Earlier this year Graeme Wheeler tried to talk the dollar down, warning in a speech that the currency was on an unnatural high: "We believe the exchange rate is significantly over-valued relative to what would be sustainable long term in the absence of sizeable increases in the terms of trade and productivity."
According to Bob Jones, however, we shouldn't worry about it as "... when imbalances occur between foreign income and expenditure our floating exchange rate automatically adjusts so that it ultimately comes out in the wash".
"Ultimately," Jones may be right, but the adverb, with its loosely-defined timescale, doesn't help those looking for guidance on when this logical currency adjustment will occur.
And if the global currency trade truly was an automatic economic justice-dispensing machine then perhaps the NZ dollar - given what Wheeler describes as our "declining productivity differentials" - should've eased off by now.
Clearly, other forces are at work. Primarily, as Wheeler says in his speech - and what should be obvious to all observers - the 'innovative' money-printing strategies (so-called 'quantitative easing') of the US, UK, Japan etc has distorted currency markets.
"This has pushed down the quantitative easing currencies and pushed up currencies like the NZ dollar," Wheeler says.
But the global central bank currency distortion may go even further than that.
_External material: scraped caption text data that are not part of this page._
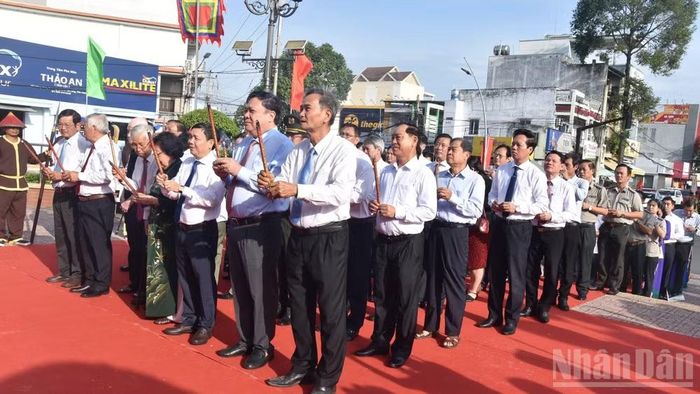 Lãnh đạo tỉnh Đồng Tháp và nguyên lãnh đạo tỉnh Đồng Tháp qua các thời kỳ thắp hương tại tượng đài Anh hùng dân tộc Trương Định.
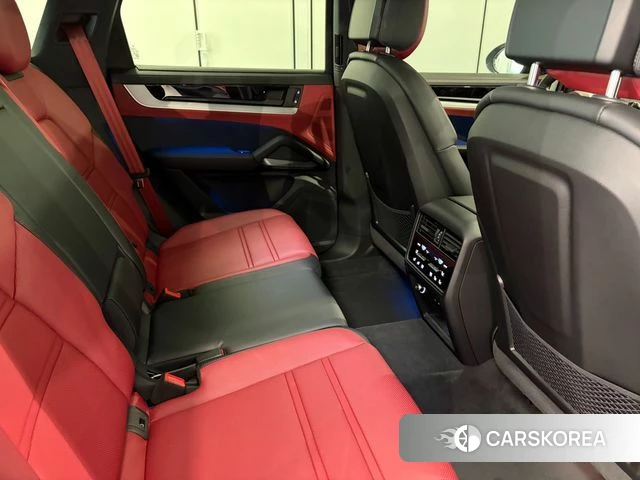 Porsche Cayenne (PO536) id 4897673 из Кореи 10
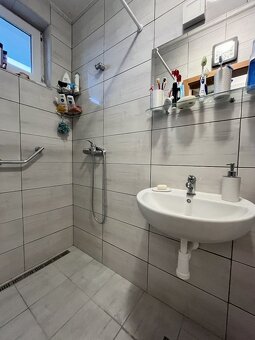 NOVÁ CENA 4-izbový RD s potenciálom ďaľšieho 3i domčeka na - 14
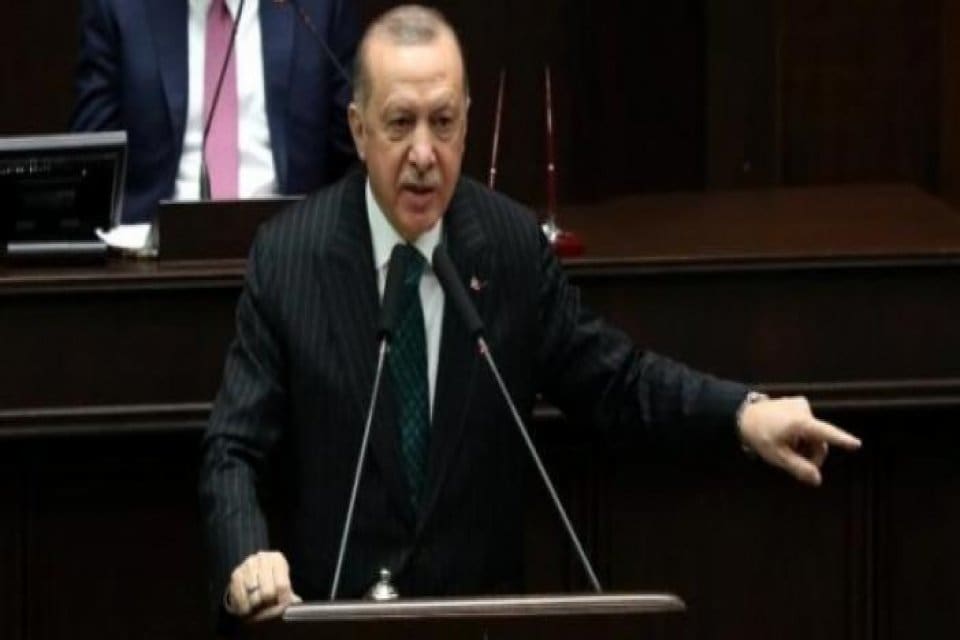 AK Parti&rsquo;nin bir siyasi geleneği vardı. B&uuml;y&uuml;k kongrede parti y&ouml;netimi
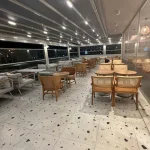Modern cafe dekorasyonu için hasır örgülü masa sandalye takımı, toptan cafe mobilyası imalat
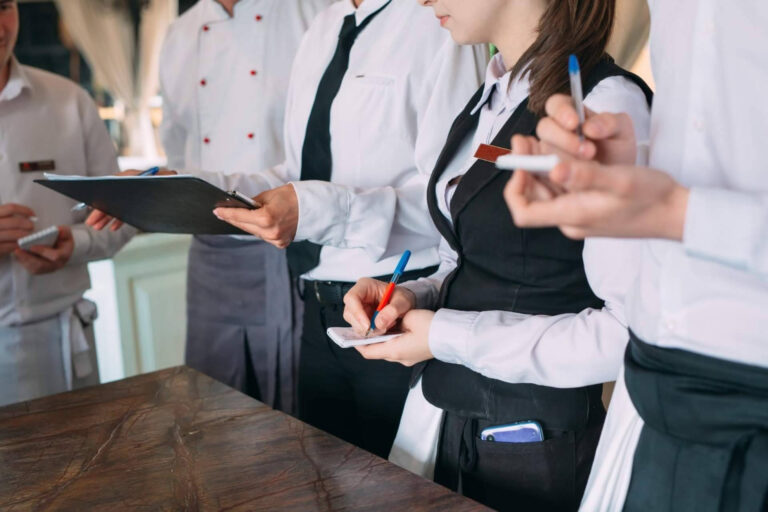 Empleabilidad ETT, referencia española en la TV pública francesa para analizar el empleo en hostelería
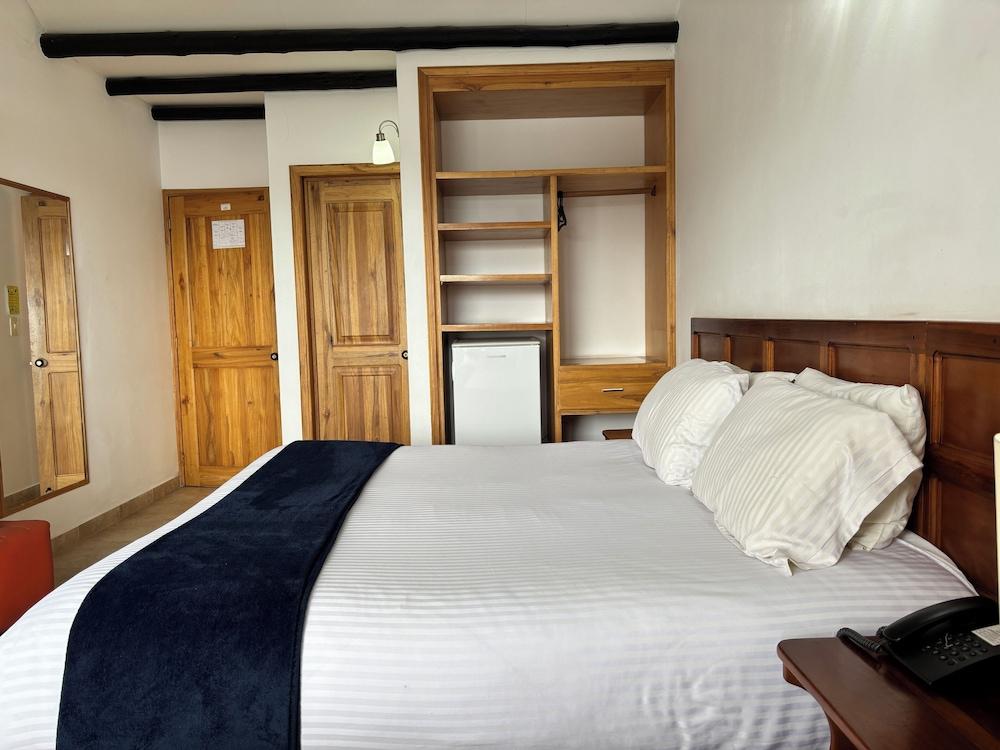 Hotel Refugio el Santuario - Comfacundi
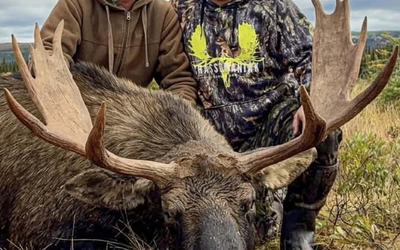 Steve Fraser et un des membre de Chassomaniak à sa pourvoirie - crédit photo Steve Fraser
While New Zealand's central bank "would like to see a lower exchange rate", according to a recent survey, other central bankers appear to be pushing the kiwi in the opposite direction.
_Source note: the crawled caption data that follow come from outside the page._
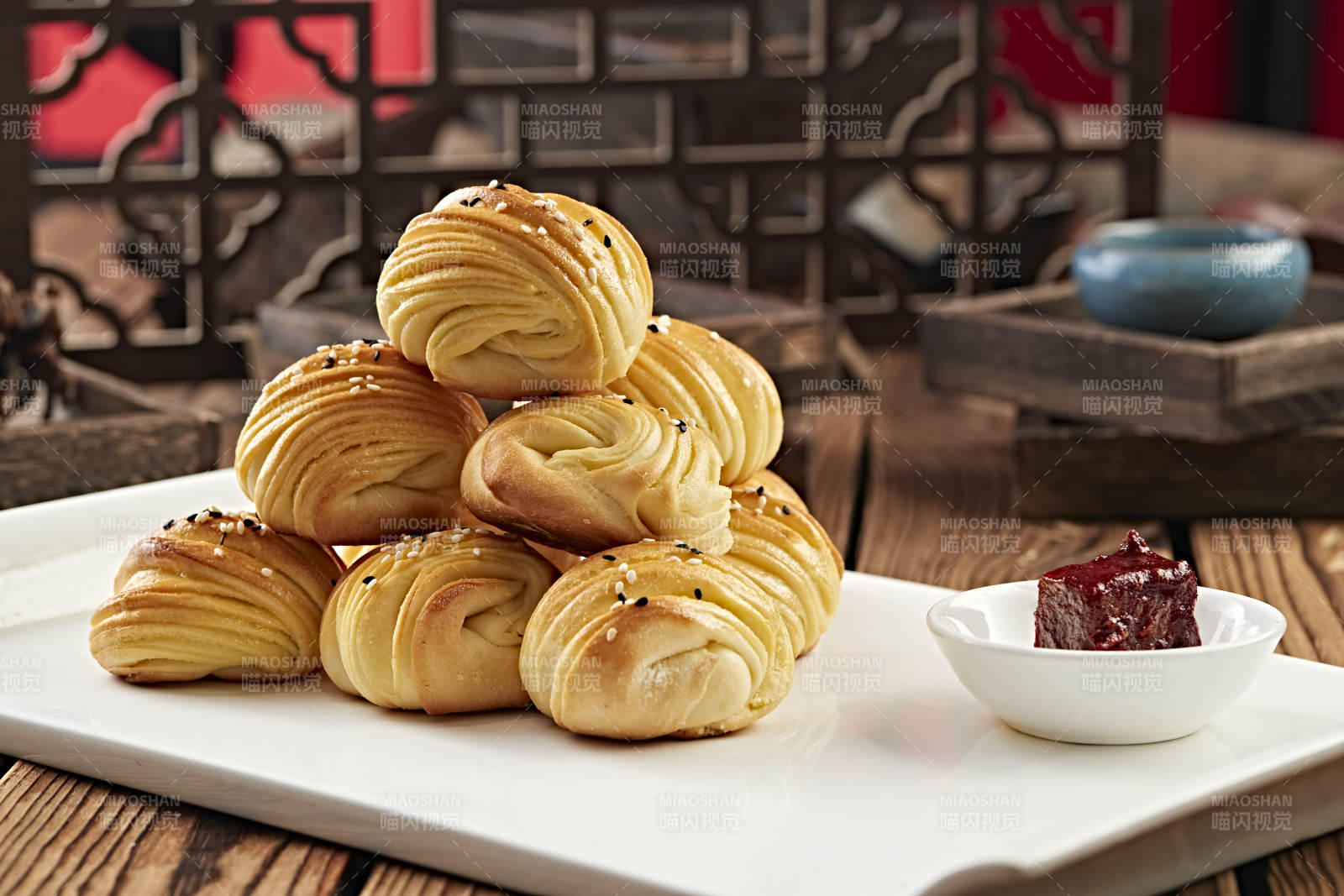 烘烤麻油小花卷图片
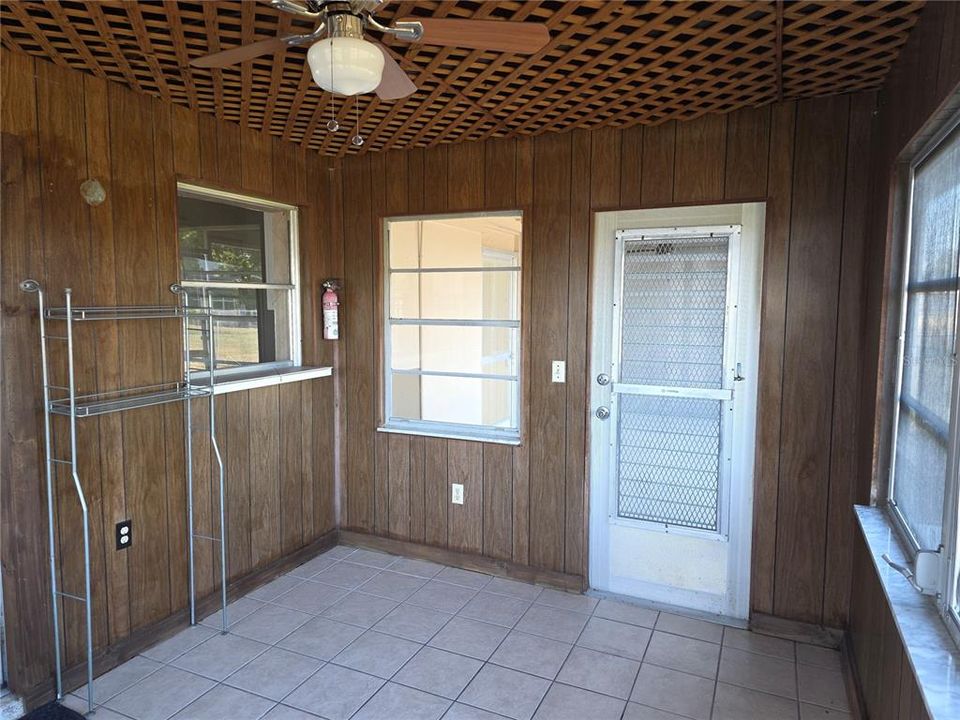 待售: $169,900 (2 贝兹, 1 浴室, 997 平方英尺)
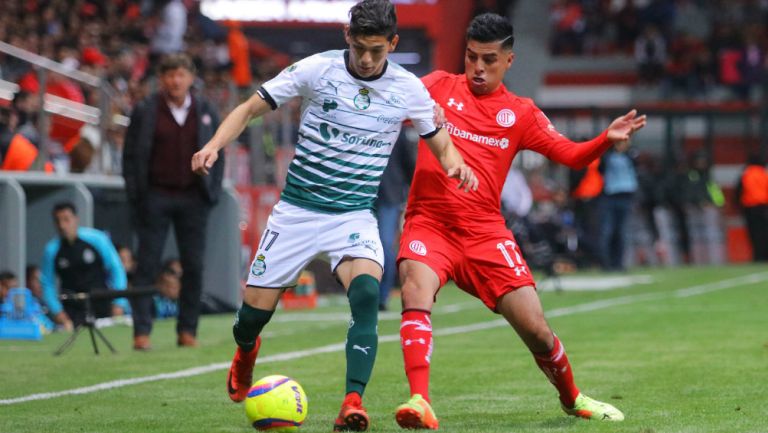 Leonel López durante un partido con Toluca en la temporada pasada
The study, carried out by Central Banking Publications and the Royal Bank of Scotland, polled 60 central bankers who collectively managed currency reserves worth US$6.7 trillion.
The Financial Times, which also covered the story, put it like this:
"Central bankers, increasingly frustrated with ultra-low returns and the depreciation of the [US] dollar and the euro, have invested in currencies which until recently they would have avoided along with riskier, higher-yielding assets such as equities and lower-rated government bonds."
The central banks' favoured currencies are the Australian and Canadian dollars, which 80 per cent of those surveyed had already invested in or were thinking about it.
But the central bankers were also looking further afield for reserve parking spots:
"About half had, or were considering, branching out into the three Scandinavian currencies and the New Zealand dollar," the FT story says.